IMHO a better option would be to add some retry logic in the resources, to account for delay and eventually consistent nature of ACL federation. In my tests the replication is still very fast, usually under 1s, so a configurable retry with exponential backoff would handle it nicely.
If you agree on the retry solution, I'm happy to provide a PR for it.

[GH-167] partially addressed this, but didn't add any retry logic.

Thanks :)

The text was updated successfully, but these errors were encountered:

remilapeyre · 2021-05-09T15:40:11Z

Hi @danieleva, thanks for reporting this issue. I did not test much with federated datacenters, the provider certainly behaves weirdly in this cases and is probably not coherent for each resource. I will have a look in the coming days to find what is the best way to proceed, the retry solution looks appropriate for ACLs but I would like to make sure it is.

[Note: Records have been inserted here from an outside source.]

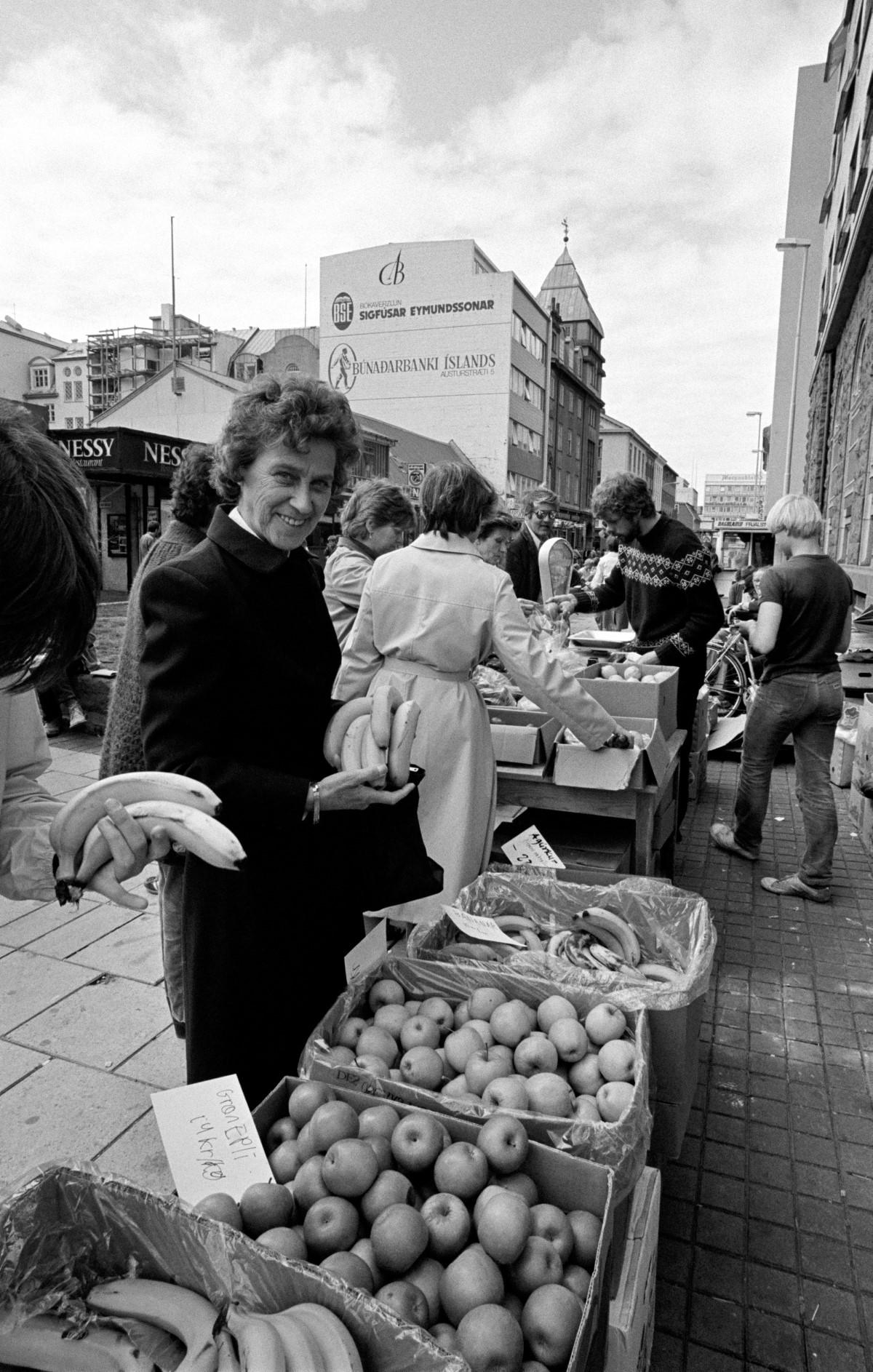 Valdís Óskarsdóttir: Outdoor market in June 1981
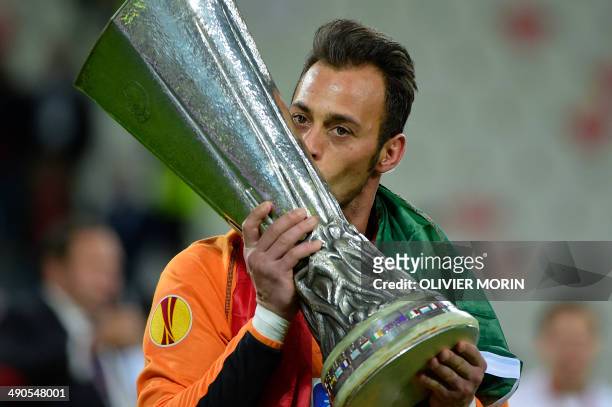 Sevilla's Portuguese goalkeeper Beto kisses the trophy after winning the UEFA Europa league final football match between Benfica and Sevilla on May...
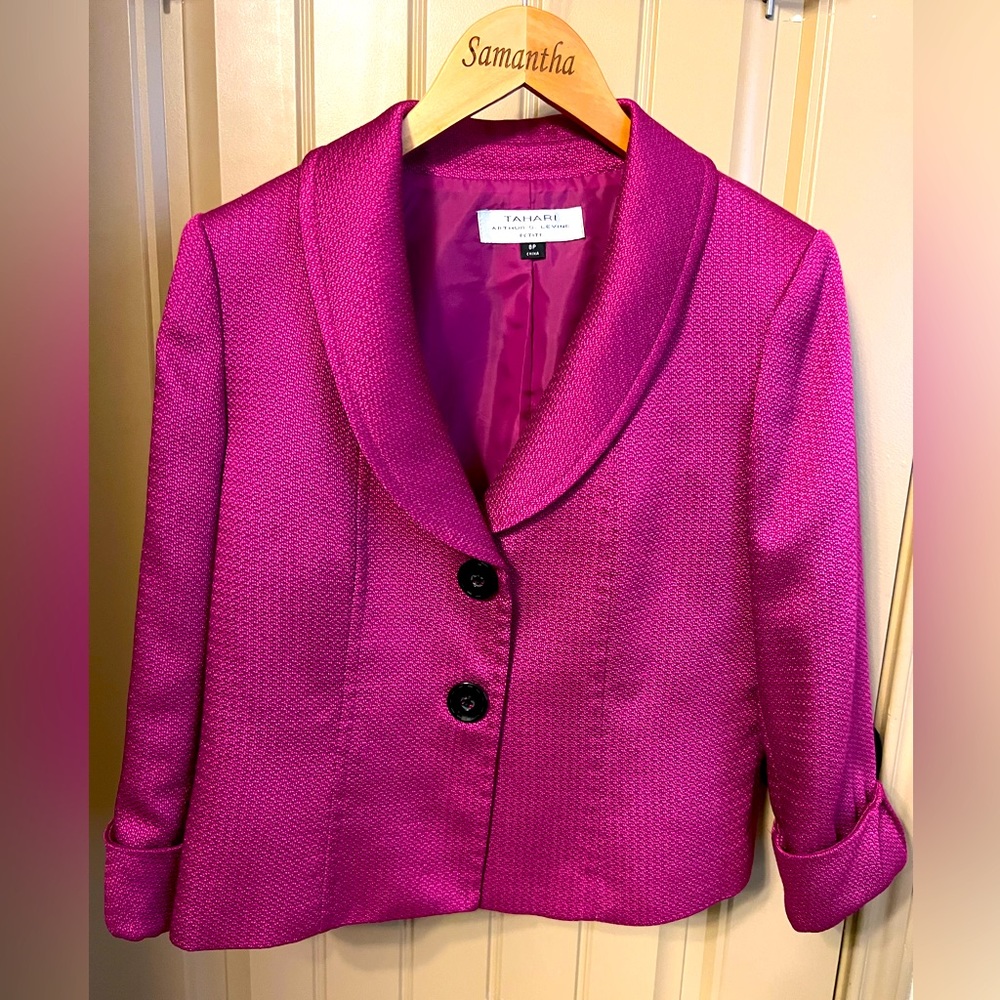 Tahari Blazer - Size 8P EUC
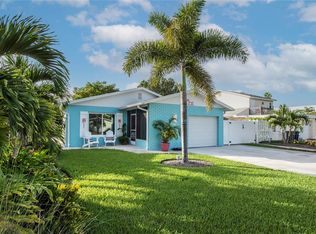 17 Wall Ter, Redington Shores, FL 33708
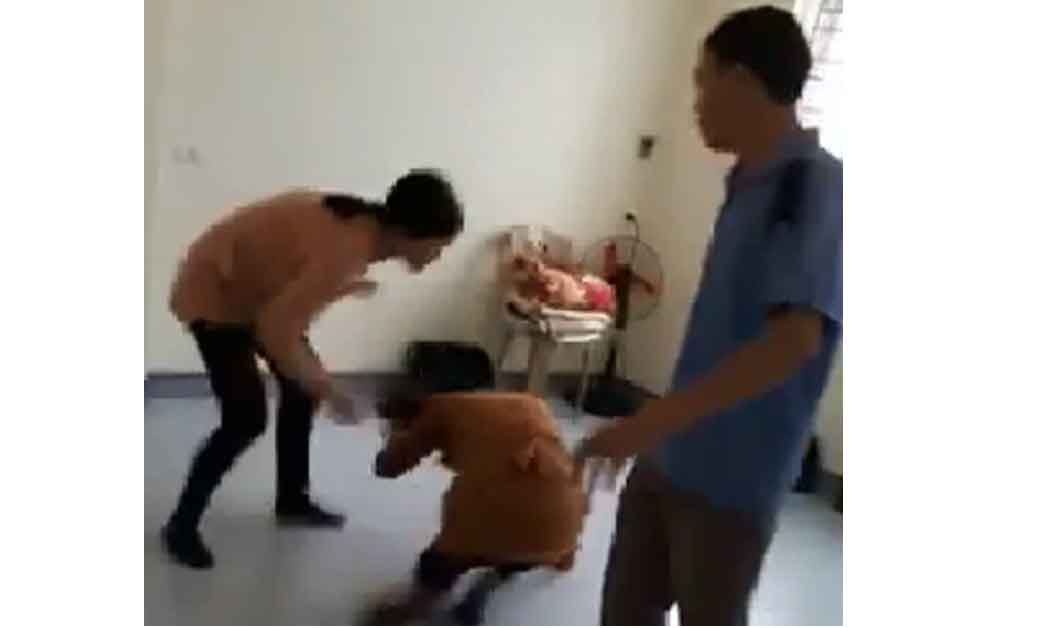 Vợ tìm đến tận nơi, đánh túi bụi trưởng nhóm “Hội Thánh Đức Chúa Trời Mẹ” để cứu chồng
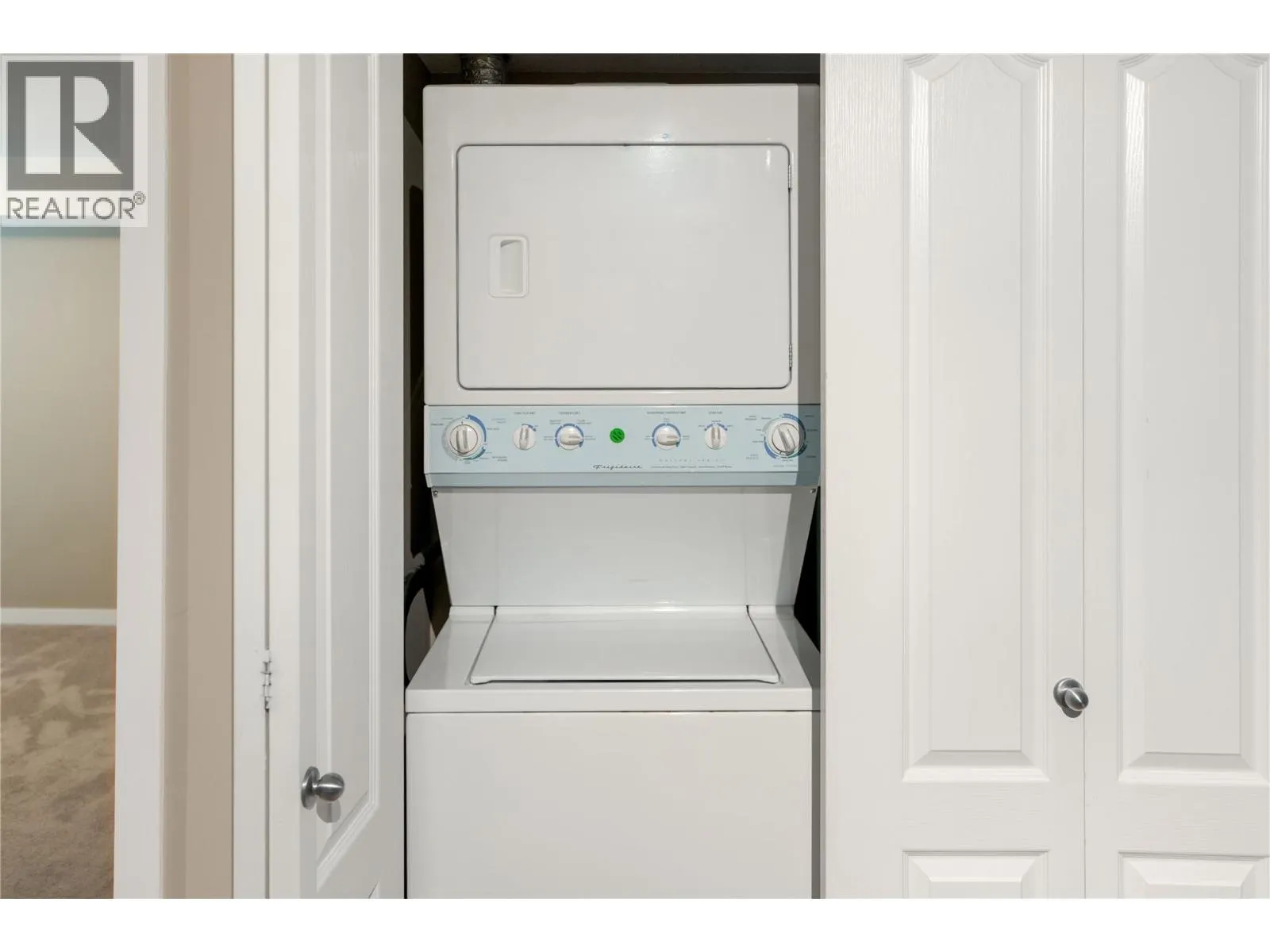 325 MCINTOSH Road Unit# 1108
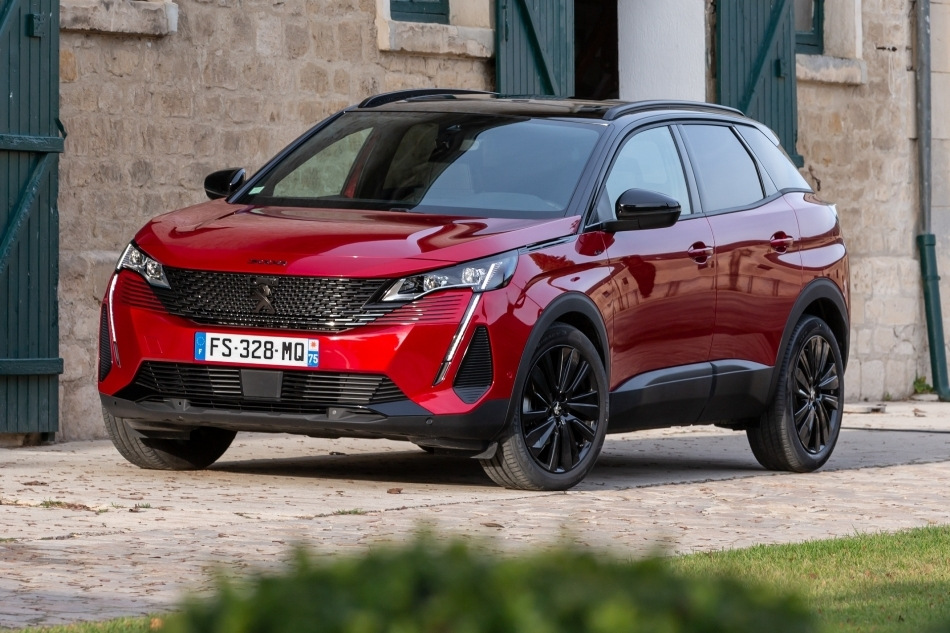 Test prenovljenega križanca Peugeot 3008 druge generacije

rrijkse · 2021-10-13T19:14:44Z

@remilapeyre Any updates on this? It is still an issue with the latest version of Terraform/Consul provider.

remilapeyre · 2021-10-13T20:23:57Z

Hi @rrijkse, I made some tests and found the way I wanted to implement this. I will come back to this issue and try to fix all the resources that currently show this behaviour

erisnar · 2022-02-16T10:14:10Z

We experienced the same issue and solved it by configuring the provider to the primary datacenter.

next-jesusmanuelnavarro · 2023-06-28T14:27:27Z

I also found what seems a related behaviour when creating intentions on a federated secondary datacenter.
Terraform successfully creates intentions when pointing to the primary but fails when pointing to secondary.

Note the intention is in fact created.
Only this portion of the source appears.